In Charleston, S.C., back in the 1970s, the Charleston Post and Courier hired a man, who I remember as, Hester Clarke Smith, to write a weekly column on restaurants; he had the esteemed pleasure of being paid by the paper to critique eating establishments in and around Charleston. Hester would enter a business, totally incognito, have dinner, and write some of the most eloquent articles of the week. He wrote, not only about the taste and quality of the food, but the presentation, service, cleanliness, and over all experience. Hester could blast a massive hole in a dining establishment one day, while beautifully praising another place, the very next night.
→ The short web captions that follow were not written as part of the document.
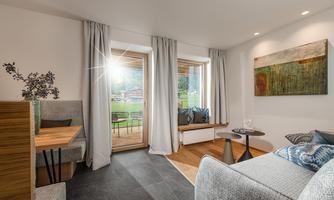 A modern living and dining room with large windows and a view of the outdoors. The furniture is stylish and the decor feels bright and inviting.
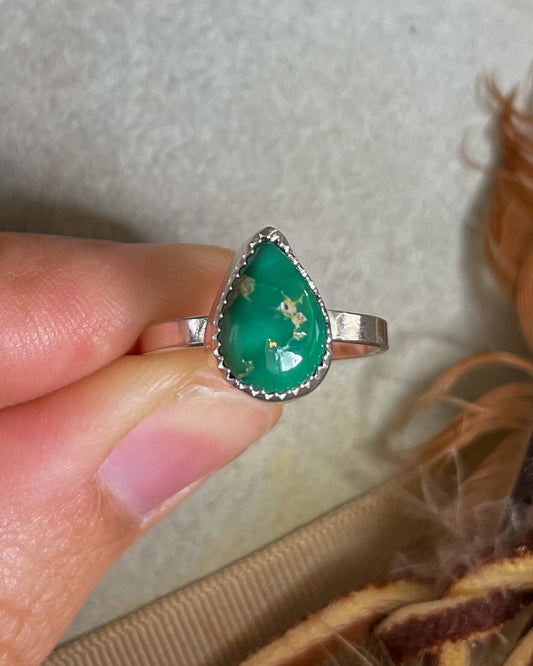 emerald valley pear ring handcrafted in serrated bezel on a flat band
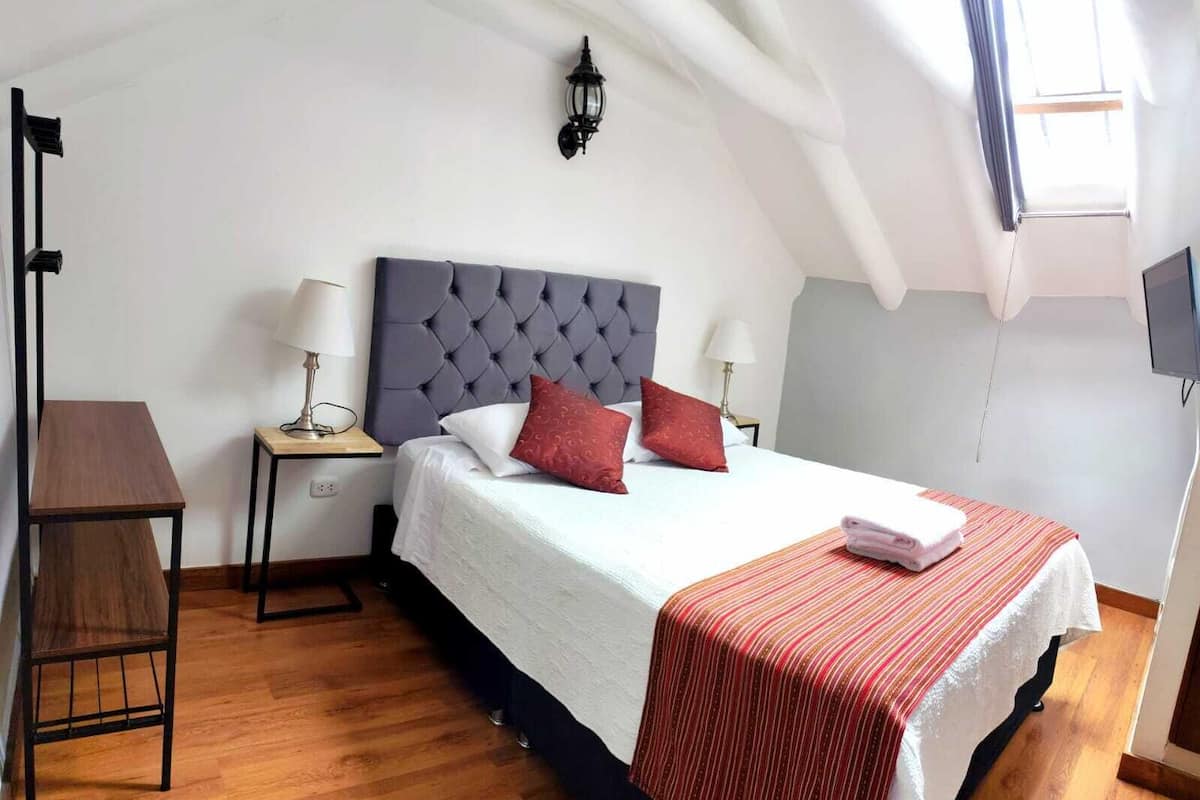Un dormitorio con cama, mesitas de noche, lámpara, televisor y ventana.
Hester was hated by some, loved by others, but read by so many, because his articles were fun to read, he spared no words in either direction his opinions would lead him. As a restaurant owner in Charleston, you had better beware of Hester’s pen, because most of the time, owners had no idea that he had dined there the night before, until they opened the paper the next morning.
One of Hester’s articles, that was particularly interesting to me , was his review of the Bowens Island Restaurant, and the fact that if you wanted to the best oysters in Charleston, then the tiny restaurant on Bowen’s Island is where you need to go. Hester painted a visual picture of a rustic shack with crude tables with holes cut in the center, for which you expel the shells. A mysterious old woman, would roast shovels full of oysters, under wet burlap, over a flaming iron grate. That was it, no fancy side dishes, no salad bar, no matradee, just an old woman, a dark room, and the best smoked oysters this side of the Pacific Ocean.
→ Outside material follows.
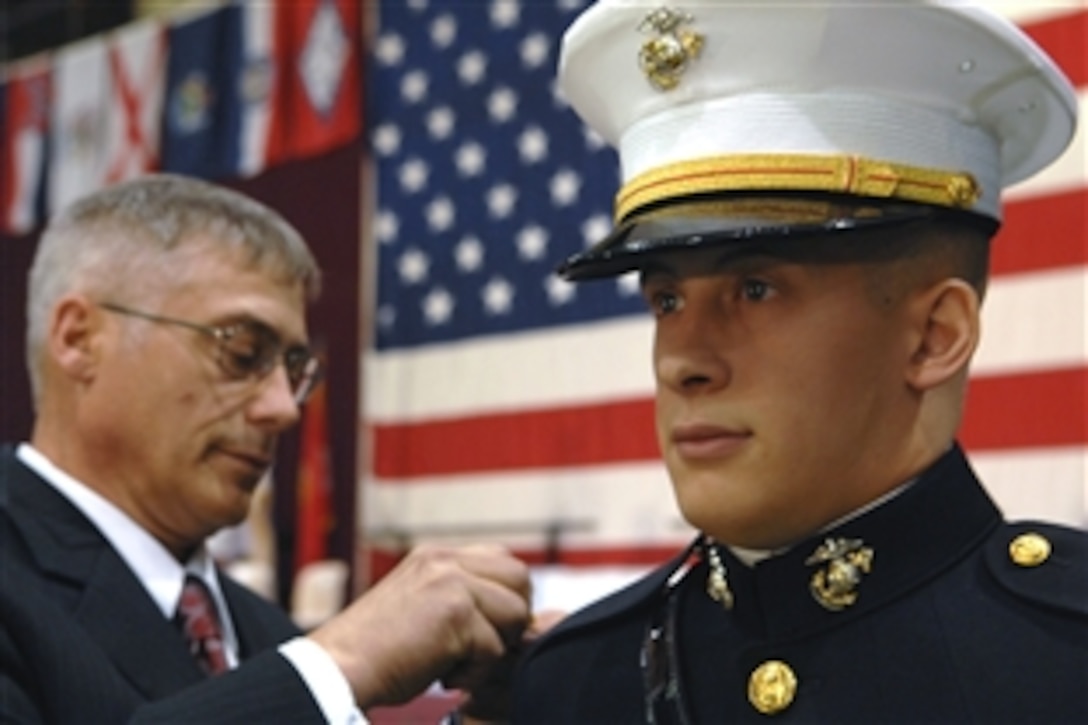 Steven Mason pins gold bars on his son, U.S. Marine 2nd Lt. Matthew Mason, during the Norwich University graduation ceremony in Northfield, Vt., May 10, 2008. U.S. Vice Chairman of the Joint Chiefs of Staff Marine Gen. James Cartwright administered the oath of office to more than 100 newly commissioned officers.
Hester’s description of the tastiest oysters tempted me for year, but each time I ventured on to the privately owned island, I never could identify the actual restaurant, and always found it closed. Not only was the island devoid of people, but the entire environment had an unfriendly chorus of spiritual voices telling me not only to leave, but to: “get the hell out!”
From the main highway heading to Folly Beach, Bowens Island exits off, perpendicular to the right, with nothing but a narrow dirt road, leading back up to the mysterious woods in the distance. There is pseudo-friendly roadside-sign that notifies the public that there, supposedly, is an actual restaurant somewhere in the distance. However, with no street light leading back to the abyss, most motorists would happily pass by, in search of a safer place, like a Red Lobster, or Captain Dee’s Seafood.
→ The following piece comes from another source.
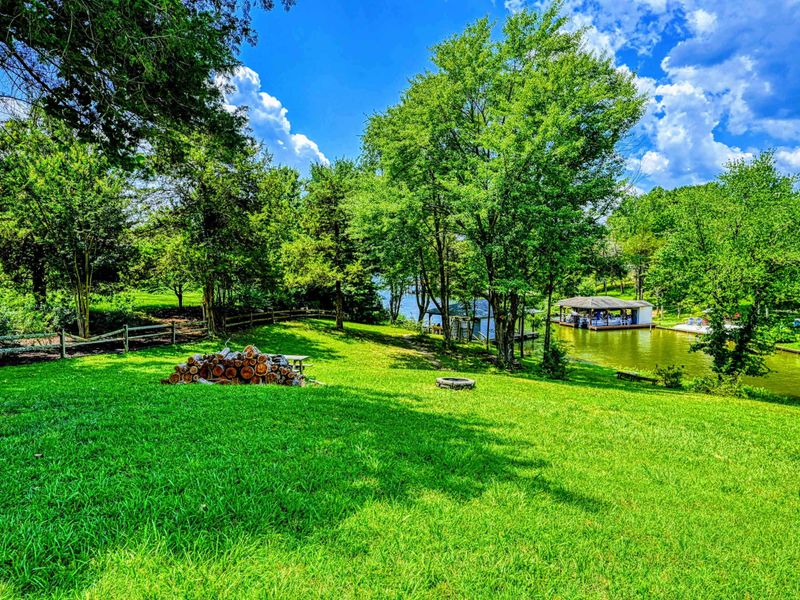 Yard - Expansive green lawn with fire pit, views through the trees to the dock and lake.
After completing a film documentary in Charleston this summer, pertaining to the decline in the domestic seafood industry, caused by foreign imports, I, once again, fell in love with the area and decided to move back to Folly Beach, and devote all of my time to film production and news reporting.
Also, after finishing my documentary on Shem Creek, an interesting phenomenon happened to me; and as a result of what I had learned, I found that I could no longer eat farm raised fish, and most especially imported seafood. I soon promised myself, that if I were to consume seafood at all, it would only be fresh and local. Not just because it was a good thing to do for the locals, but because, from a health standpoint, it was safer.
So here I am, living on Folly Beach, writing by the day, and walking the sunsets at dusk. I don’t know how the idea of taking another stab at Bowens Island entered my mind, but once conceived, I found that I had to go back. At first, I thought, no way will I go there again, but soon, I began getting a little pissed off. Why not, I asked myself, the place has been here forever, plus, they have sign up inviting people there. I could take my camera and audio recorder with me for protection, if I was killed, well then there would at least be a record of my death. So with iphone and recorder in hand I set off on my evening adventure to the unknown island of Bowens.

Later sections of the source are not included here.